Study explains why HIV stays in Human Tissue even after Antiretroviral Medication

The development of antiretroviral medications to treat HIV has transformed what was formerly a nearly always deadly infection into a chronic condition. Antiretroviral medication administered on a daily basis can reduce the amount of HIV in the blood to undetectable levels using routine tests. It is critical to continue medication in order to keep the infection under control.

HIV infection is no longer a death sentence, thanks to antiretroviral medication. Despite the efficacy of drugs to manage and cure the virus, it can never be completely eradicated from the human body, persisting in some cells deep within various human tissues where it goes unnoticed by the immune system.

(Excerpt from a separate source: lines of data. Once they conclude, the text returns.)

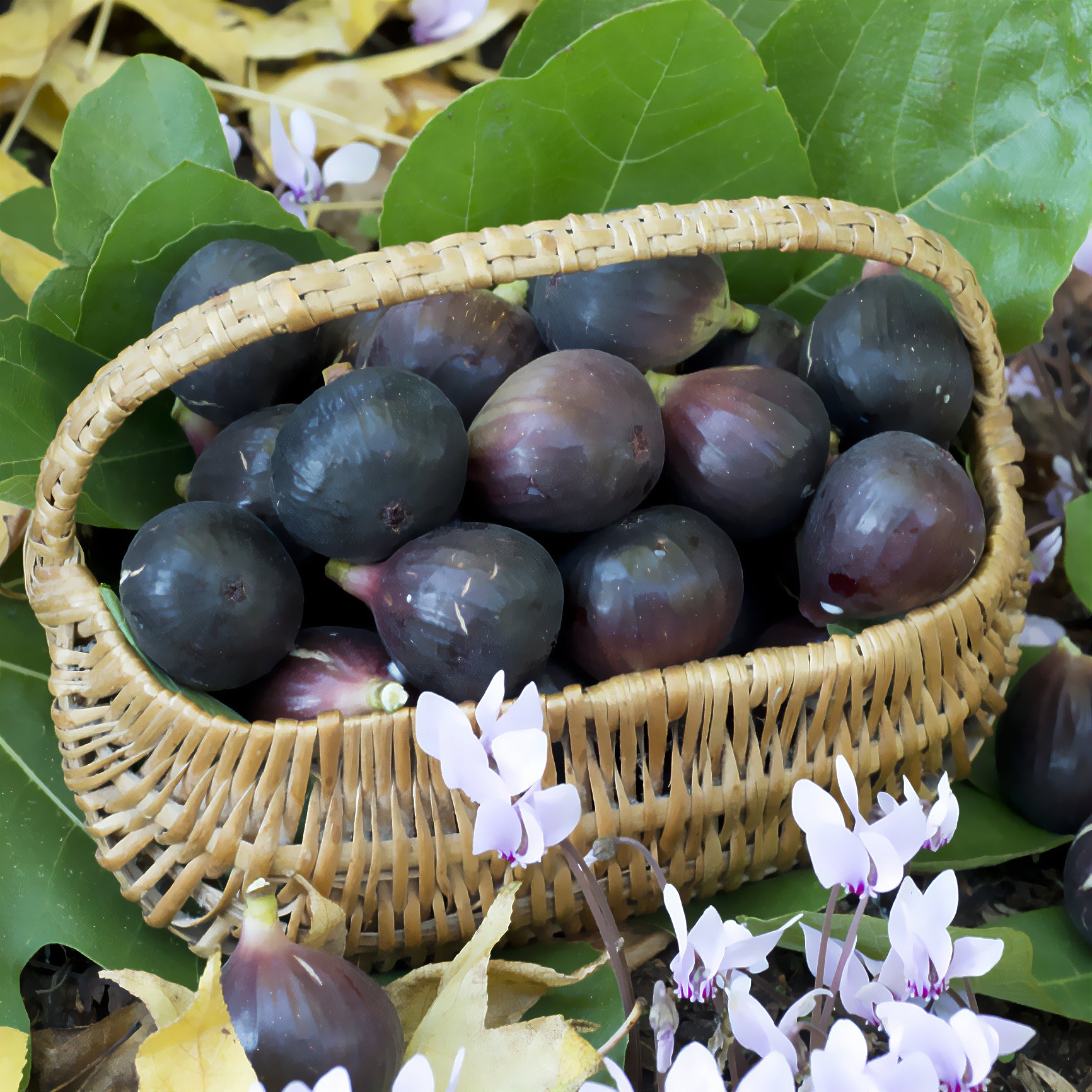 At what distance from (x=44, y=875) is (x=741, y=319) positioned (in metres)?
0.49

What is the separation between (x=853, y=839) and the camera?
→ 0.31 m

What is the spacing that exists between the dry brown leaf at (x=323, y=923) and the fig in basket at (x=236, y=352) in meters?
0.26

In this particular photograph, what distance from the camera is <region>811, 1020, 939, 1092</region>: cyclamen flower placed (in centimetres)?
27

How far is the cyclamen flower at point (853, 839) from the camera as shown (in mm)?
304

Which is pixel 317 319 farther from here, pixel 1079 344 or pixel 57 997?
pixel 1079 344

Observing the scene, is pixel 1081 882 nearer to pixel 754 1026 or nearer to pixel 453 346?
pixel 754 1026

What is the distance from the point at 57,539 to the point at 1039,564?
591 mm

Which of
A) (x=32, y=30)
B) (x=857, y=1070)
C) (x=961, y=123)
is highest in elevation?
(x=32, y=30)

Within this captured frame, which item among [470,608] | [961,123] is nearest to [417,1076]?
[470,608]

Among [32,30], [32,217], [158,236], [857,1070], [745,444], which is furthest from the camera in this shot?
[32,30]

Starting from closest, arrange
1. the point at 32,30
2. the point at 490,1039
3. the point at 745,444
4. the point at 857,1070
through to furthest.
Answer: the point at 857,1070
the point at 490,1039
the point at 745,444
the point at 32,30

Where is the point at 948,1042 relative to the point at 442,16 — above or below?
below

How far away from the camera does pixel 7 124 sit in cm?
87

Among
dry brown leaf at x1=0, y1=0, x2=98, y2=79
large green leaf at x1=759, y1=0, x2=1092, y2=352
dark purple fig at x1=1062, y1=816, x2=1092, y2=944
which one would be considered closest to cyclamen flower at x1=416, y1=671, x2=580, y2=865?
dark purple fig at x1=1062, y1=816, x2=1092, y2=944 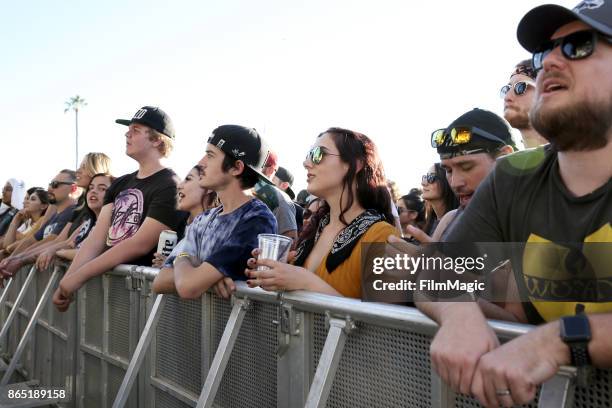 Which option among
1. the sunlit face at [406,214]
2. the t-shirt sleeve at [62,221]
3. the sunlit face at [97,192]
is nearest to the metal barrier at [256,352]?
the sunlit face at [97,192]

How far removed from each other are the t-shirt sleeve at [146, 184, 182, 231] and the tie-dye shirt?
0.76 m

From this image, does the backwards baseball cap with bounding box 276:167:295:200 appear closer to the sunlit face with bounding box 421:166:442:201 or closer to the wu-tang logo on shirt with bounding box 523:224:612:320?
the sunlit face with bounding box 421:166:442:201

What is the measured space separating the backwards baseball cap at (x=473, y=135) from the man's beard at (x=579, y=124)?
1479 mm

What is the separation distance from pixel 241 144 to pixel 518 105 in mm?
1935

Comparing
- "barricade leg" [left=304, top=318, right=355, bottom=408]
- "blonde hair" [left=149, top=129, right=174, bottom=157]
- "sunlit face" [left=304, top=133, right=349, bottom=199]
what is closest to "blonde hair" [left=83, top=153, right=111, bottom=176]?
"blonde hair" [left=149, top=129, right=174, bottom=157]

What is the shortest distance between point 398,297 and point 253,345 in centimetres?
96

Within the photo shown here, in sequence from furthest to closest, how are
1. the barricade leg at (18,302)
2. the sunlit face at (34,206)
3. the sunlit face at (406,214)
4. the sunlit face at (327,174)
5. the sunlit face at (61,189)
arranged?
1. the sunlit face at (34,206)
2. the sunlit face at (61,189)
3. the sunlit face at (406,214)
4. the barricade leg at (18,302)
5. the sunlit face at (327,174)

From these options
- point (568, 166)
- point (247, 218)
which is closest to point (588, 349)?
point (568, 166)

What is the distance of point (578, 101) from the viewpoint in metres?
1.75

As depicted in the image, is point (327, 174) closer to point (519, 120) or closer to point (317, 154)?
point (317, 154)

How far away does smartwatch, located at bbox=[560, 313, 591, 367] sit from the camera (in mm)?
1434

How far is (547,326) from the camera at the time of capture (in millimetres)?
1512

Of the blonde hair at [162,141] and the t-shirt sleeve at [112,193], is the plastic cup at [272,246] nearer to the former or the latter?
the blonde hair at [162,141]

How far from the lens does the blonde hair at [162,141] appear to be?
5133 mm
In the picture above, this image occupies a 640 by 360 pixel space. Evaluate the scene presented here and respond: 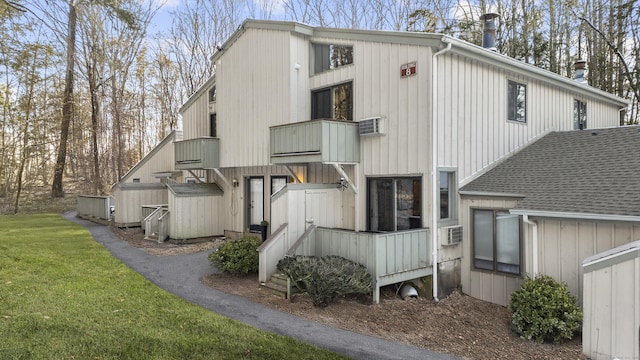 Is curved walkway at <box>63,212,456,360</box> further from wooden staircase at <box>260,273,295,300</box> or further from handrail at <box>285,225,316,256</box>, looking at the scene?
handrail at <box>285,225,316,256</box>

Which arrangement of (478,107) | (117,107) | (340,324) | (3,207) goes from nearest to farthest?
(340,324) < (478,107) < (3,207) < (117,107)

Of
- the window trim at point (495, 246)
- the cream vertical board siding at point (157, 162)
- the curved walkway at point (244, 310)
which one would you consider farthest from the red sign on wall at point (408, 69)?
the cream vertical board siding at point (157, 162)

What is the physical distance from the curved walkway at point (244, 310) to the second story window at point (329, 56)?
665 cm

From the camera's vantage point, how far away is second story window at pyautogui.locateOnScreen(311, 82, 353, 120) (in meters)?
11.0

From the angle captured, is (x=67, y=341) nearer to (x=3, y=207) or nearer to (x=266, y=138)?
(x=266, y=138)

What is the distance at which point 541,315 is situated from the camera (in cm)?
686

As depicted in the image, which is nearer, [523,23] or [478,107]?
[478,107]

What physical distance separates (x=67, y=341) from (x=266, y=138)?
8.39m

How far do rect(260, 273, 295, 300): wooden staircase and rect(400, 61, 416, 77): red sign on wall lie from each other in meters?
5.51

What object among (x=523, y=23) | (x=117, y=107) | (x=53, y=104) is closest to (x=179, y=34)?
(x=117, y=107)

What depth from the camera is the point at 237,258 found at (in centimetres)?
1019

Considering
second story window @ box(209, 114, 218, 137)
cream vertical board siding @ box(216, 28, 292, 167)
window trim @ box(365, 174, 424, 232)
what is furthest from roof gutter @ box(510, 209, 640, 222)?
second story window @ box(209, 114, 218, 137)

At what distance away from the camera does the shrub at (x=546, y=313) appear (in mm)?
6730

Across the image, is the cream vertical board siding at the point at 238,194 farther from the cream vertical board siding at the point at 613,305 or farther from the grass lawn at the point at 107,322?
the cream vertical board siding at the point at 613,305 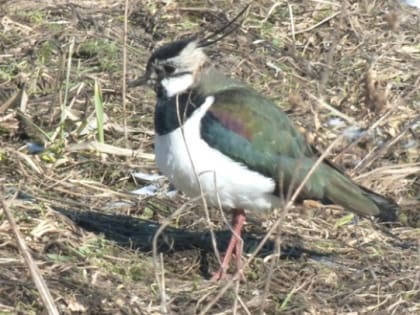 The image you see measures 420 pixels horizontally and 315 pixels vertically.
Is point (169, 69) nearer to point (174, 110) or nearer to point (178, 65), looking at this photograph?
point (178, 65)

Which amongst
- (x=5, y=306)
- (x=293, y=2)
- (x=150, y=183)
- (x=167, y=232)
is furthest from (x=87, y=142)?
(x=293, y=2)

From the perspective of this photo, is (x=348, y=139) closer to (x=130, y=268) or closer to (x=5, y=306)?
(x=130, y=268)

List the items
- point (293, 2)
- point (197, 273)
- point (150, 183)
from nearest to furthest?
point (197, 273), point (150, 183), point (293, 2)

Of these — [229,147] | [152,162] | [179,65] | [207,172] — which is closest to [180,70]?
[179,65]

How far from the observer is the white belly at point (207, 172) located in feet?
19.3

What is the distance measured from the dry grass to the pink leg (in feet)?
0.30

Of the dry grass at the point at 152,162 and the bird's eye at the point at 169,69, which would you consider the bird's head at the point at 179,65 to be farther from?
the dry grass at the point at 152,162

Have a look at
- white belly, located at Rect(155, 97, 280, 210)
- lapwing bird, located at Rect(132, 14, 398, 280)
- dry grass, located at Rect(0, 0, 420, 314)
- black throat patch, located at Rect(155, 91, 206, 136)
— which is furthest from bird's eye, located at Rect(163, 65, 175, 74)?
dry grass, located at Rect(0, 0, 420, 314)

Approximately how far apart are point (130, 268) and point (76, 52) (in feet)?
9.21

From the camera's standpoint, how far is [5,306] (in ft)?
17.6

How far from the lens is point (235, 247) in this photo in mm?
6297

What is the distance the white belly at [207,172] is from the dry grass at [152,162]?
389 millimetres

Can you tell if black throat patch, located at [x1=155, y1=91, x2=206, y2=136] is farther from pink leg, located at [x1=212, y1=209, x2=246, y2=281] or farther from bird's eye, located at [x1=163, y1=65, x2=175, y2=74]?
pink leg, located at [x1=212, y1=209, x2=246, y2=281]

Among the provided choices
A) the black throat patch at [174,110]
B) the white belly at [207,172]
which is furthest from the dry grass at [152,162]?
the black throat patch at [174,110] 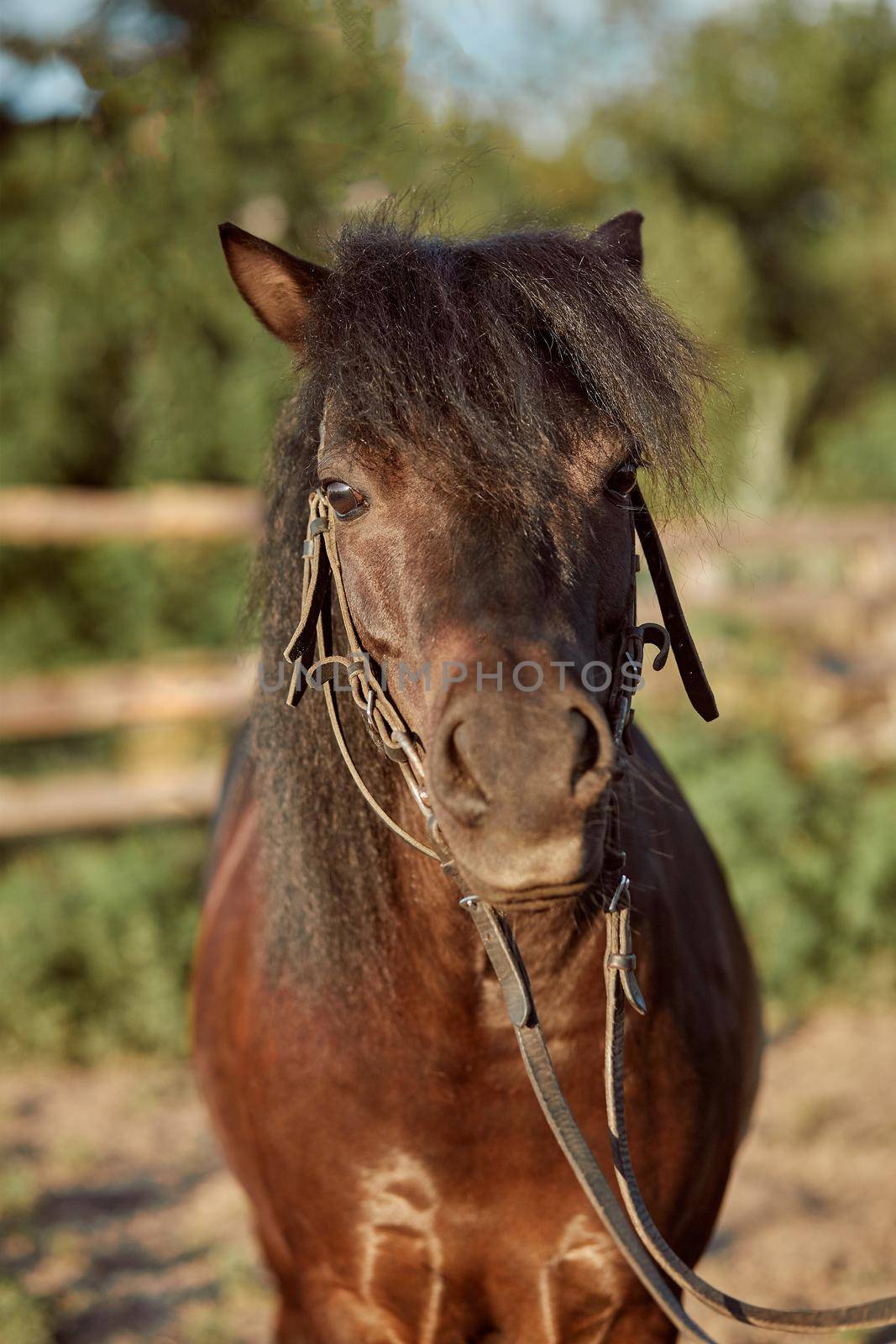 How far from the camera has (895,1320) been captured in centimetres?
156

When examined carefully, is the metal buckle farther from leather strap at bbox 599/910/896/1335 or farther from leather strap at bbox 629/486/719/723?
leather strap at bbox 629/486/719/723

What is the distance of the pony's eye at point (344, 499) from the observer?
1595 mm

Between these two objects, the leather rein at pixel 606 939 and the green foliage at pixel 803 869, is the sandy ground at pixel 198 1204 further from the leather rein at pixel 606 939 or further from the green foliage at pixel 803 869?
the leather rein at pixel 606 939

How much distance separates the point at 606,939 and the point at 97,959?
4112mm

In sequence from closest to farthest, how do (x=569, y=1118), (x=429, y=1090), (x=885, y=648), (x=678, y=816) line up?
(x=569, y=1118)
(x=429, y=1090)
(x=678, y=816)
(x=885, y=648)

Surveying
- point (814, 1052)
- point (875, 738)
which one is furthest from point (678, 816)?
point (875, 738)

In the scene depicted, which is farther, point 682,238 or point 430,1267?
point 682,238

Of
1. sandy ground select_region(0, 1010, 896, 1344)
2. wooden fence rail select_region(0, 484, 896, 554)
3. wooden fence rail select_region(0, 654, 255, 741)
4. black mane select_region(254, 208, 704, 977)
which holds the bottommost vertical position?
sandy ground select_region(0, 1010, 896, 1344)

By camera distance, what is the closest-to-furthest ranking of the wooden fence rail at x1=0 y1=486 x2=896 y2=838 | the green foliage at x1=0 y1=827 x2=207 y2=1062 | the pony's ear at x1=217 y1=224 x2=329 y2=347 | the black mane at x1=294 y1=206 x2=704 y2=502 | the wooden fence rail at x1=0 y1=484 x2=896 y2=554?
the black mane at x1=294 y1=206 x2=704 y2=502 → the pony's ear at x1=217 y1=224 x2=329 y2=347 → the green foliage at x1=0 y1=827 x2=207 y2=1062 → the wooden fence rail at x1=0 y1=486 x2=896 y2=838 → the wooden fence rail at x1=0 y1=484 x2=896 y2=554

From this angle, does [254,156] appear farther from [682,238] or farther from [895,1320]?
[682,238]

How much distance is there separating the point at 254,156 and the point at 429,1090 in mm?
3990

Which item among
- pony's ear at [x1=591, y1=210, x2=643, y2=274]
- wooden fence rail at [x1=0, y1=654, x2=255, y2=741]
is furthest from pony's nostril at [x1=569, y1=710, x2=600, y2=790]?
wooden fence rail at [x1=0, y1=654, x2=255, y2=741]

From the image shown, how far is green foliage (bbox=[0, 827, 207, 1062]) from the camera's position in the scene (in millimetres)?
5172

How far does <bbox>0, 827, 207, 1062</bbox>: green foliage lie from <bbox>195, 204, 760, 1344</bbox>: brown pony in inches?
119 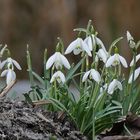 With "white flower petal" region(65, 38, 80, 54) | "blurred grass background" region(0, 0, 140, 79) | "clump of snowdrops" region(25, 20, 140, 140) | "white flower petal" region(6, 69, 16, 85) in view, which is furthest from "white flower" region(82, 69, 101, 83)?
"blurred grass background" region(0, 0, 140, 79)

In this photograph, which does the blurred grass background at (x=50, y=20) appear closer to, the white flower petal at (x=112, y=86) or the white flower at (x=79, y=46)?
the white flower at (x=79, y=46)

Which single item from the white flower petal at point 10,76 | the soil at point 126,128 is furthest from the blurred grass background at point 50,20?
the soil at point 126,128

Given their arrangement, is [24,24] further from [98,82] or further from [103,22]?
[98,82]

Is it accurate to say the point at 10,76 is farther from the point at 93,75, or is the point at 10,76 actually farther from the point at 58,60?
the point at 93,75

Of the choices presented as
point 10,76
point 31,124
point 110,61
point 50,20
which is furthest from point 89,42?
point 50,20

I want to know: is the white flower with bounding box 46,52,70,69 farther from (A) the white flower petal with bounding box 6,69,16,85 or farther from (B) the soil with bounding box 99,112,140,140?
(B) the soil with bounding box 99,112,140,140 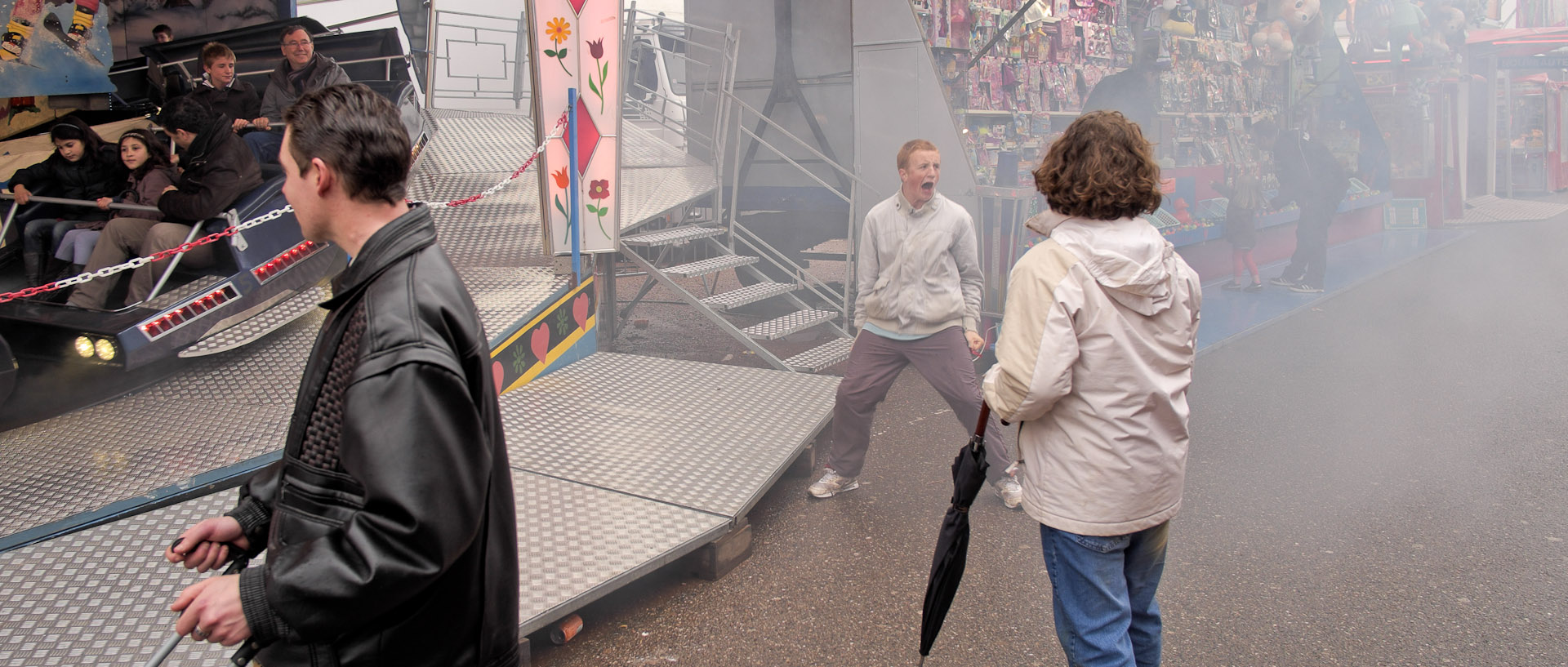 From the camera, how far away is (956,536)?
2432 millimetres

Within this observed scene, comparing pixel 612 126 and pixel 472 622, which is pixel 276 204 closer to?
pixel 612 126

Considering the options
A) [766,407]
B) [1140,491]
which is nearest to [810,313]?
[766,407]

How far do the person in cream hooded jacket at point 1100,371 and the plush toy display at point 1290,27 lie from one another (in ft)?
40.9

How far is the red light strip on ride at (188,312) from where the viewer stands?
4.09 metres

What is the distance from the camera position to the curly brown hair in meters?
2.17

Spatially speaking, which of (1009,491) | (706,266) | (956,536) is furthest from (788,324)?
(956,536)

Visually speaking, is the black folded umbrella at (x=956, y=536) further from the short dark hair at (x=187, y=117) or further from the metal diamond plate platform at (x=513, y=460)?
the short dark hair at (x=187, y=117)

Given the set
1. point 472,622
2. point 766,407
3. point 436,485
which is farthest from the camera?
point 766,407

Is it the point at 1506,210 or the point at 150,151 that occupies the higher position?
the point at 150,151

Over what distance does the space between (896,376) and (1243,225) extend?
690 cm

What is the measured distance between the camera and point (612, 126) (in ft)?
18.5

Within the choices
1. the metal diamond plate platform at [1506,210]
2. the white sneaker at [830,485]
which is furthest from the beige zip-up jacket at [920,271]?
the metal diamond plate platform at [1506,210]

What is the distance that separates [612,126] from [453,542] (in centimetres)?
463

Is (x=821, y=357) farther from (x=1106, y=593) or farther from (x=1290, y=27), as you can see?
(x=1290, y=27) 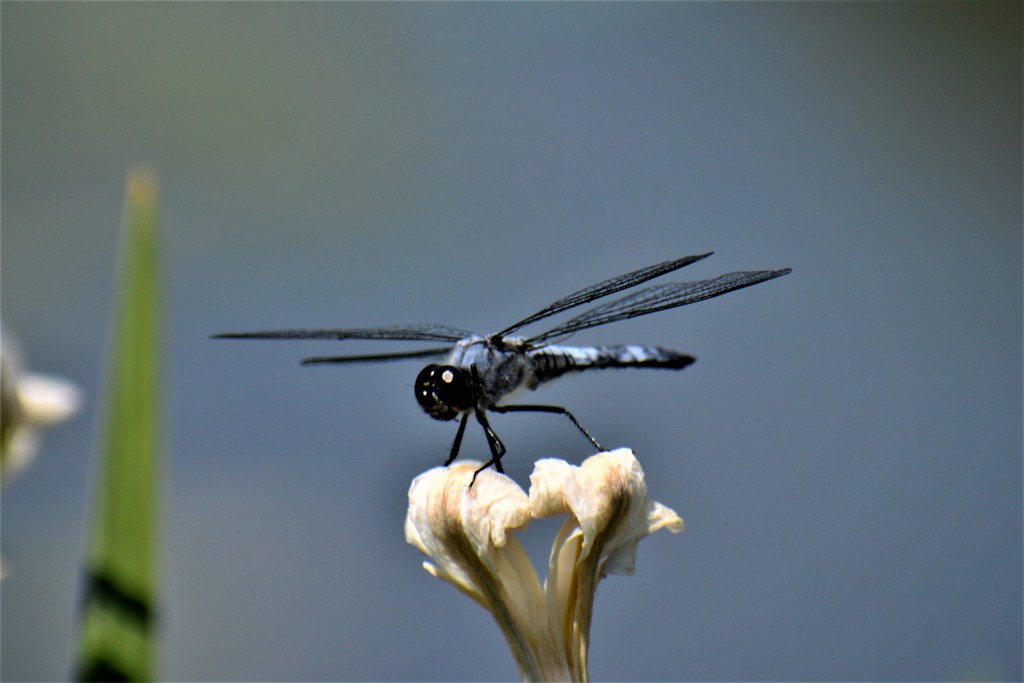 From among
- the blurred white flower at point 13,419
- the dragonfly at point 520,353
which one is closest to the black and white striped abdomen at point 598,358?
the dragonfly at point 520,353

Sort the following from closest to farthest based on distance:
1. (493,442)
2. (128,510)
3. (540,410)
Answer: (128,510), (493,442), (540,410)

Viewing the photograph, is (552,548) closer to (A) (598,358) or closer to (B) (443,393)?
(B) (443,393)

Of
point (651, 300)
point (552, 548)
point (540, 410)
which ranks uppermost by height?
point (651, 300)

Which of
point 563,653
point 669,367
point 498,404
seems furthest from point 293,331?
point 563,653

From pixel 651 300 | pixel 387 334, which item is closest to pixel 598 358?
pixel 651 300

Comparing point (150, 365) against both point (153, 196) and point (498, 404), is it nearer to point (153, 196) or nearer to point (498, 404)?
point (153, 196)

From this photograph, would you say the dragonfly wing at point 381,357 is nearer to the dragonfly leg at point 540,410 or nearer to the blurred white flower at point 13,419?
the dragonfly leg at point 540,410

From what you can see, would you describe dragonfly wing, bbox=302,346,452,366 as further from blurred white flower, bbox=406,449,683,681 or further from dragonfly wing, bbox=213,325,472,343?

Shokrollah Elahi, an immunologist at the University of Alberta, has discovered a possible solution to the conundrum of why infected people can’t get rid of HIV completely. Elahi and his colleagues discovered that in HIV patients, killer T cells (a type of white blood cell responsible for recognizing and eliminating virus-infected cells) have extremely little to no CD73 protein. Because CD73 is crucial for cell motility and trafficking into tissue, a loss of the protein impairs killer T cells’ ability to detect and remove HIV-infected cells, according to Elahi.

Our data imply that reducing or eliminating CD73 may be beneficial in HIV-infected persons in terms of MS protection. As a result, targeting CD73 may represent a novel potential therapeutic marker for MS patients.

Shokrollah Elahi

Antiretroviral therapy prevents HIV from replicating itself. When an HIV patient begins antiretroviral therapy, their viral load decreases. Almost everyone who begins taking their HIV medicine on a regular basis as prescribed will see their viral load reduce to undetectable levels in six months or less. It is critical to continue taking HIV drugs as advised in order to remain undetectable.

“This method provides one probable reason why HIV remains in human tissues forever,” he added, adding that the study also demonstrates the complexities of HIV infection. “This gives us the possibility to develop potential novel treatments that would assist killer T cells travel better in order to acquire access to infected cells in various organs.”

Elahi turned his attention to researching potential explanations of the significant decline after establishing the significance of CD73, a three-year project. He discovered that it is partly attributable to the persistent inflammation that is typical in HIV patients.

New study reveals why HIV remains in human tissue even after antiretroviral therapy

“Following lengthy research, we discovered that persistent inflammation increases amounts of a type of RNA found in cells and blood called microRNAs,” he said. “These are very tiny RNAs that can bind to messenger RNAs and prevent them from producing CD73 protein. We discovered that this was suppressing the CD73 gene.”

Elahi added that the team’s discovery helps explain why people with HIV have a lower risk of acquiring multiple sclerosis. “Our data imply that reducing or eliminating CD73 may be beneficial in HIV-infected persons in terms of MS protection. As a result, targeting CD73 may represent a novel potential therapeutic marker for MS patients.”

Antiretroviral therapy, sometimes known as ART, is an important aspect of treating HIV infection, supporting health, and preserving or increasing quality of life for persons living with HIV. These drugs reduce the amount of virus in the blood to a negligible or undetectable level. When a virus is undetected, it cannot infect othersTrusted Source.

Recently, there has been a lot of excitement about the possibility of producing a cure for HIV infection. The successful eradication of the virus in at least one person who got chemotherapy, radiation, and stem cell transplant from a donor with CCR5 mutation during leukemia treatment has raised the possibility that a method to clear the body of the virus could be created. However, such an approach should be approached with caution, as several of the proposed ways have the potential to be harmful to the brain.

Elahi stated that the next stage in his research will be to find how the CD73 gene may be modified to switch on in HIV patients and off in MS patients.